WORK ORDER →
Retype the lines below exactly, but only those from the line that has "Herefordshire and Worcestershire" through the line that has "KickAss Smart Ultra-X". Omit every picture.

##### THE DATA

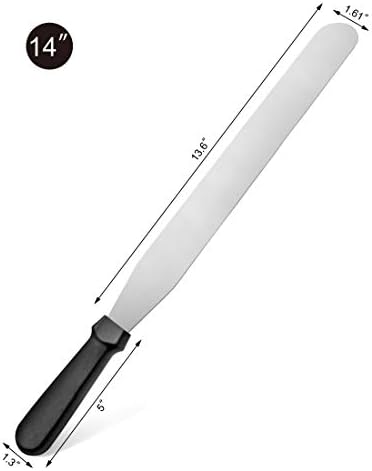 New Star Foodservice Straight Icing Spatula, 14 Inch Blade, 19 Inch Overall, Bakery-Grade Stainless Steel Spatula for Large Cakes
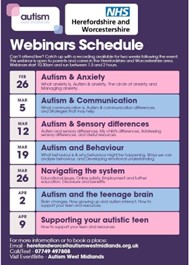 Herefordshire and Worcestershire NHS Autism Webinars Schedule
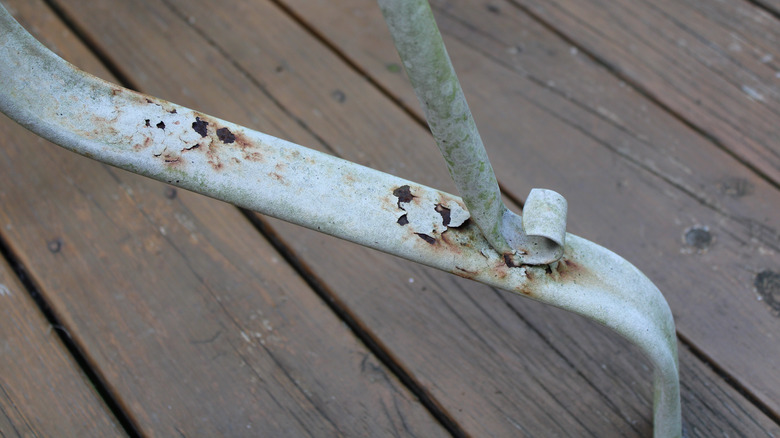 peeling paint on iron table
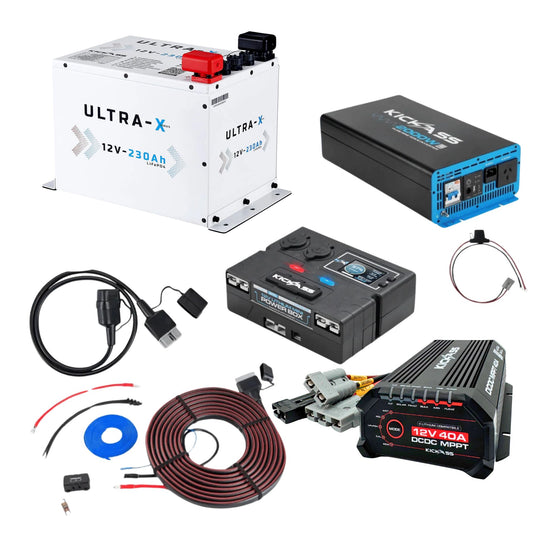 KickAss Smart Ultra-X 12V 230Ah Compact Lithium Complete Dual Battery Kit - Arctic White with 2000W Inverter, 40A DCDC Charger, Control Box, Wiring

##########
##### THE DATA

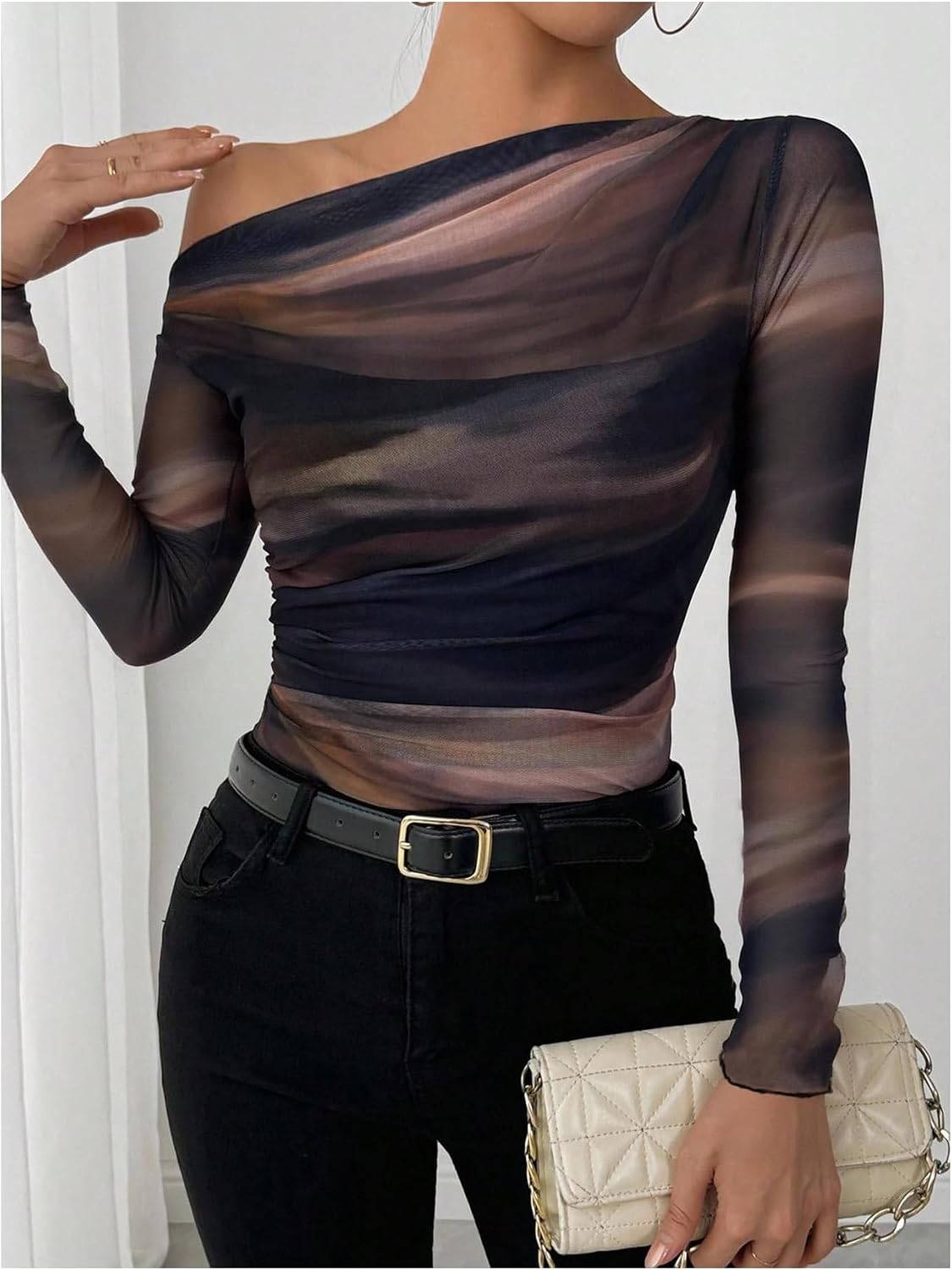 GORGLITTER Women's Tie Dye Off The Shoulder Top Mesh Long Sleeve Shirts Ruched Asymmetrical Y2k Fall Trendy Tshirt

##########

PROBLEM SOLUTION →
 Herefordshire and Worcestershire NHS Autism Webinars Schedule
 peeling paint on iron table
 KickAss Smart Ultra-X 12V 230Ah Compact Lithium Complete Dual Battery Kit - Arctic White with 2000W Inverter, 40A DCDC Charger, Control Box, Wiring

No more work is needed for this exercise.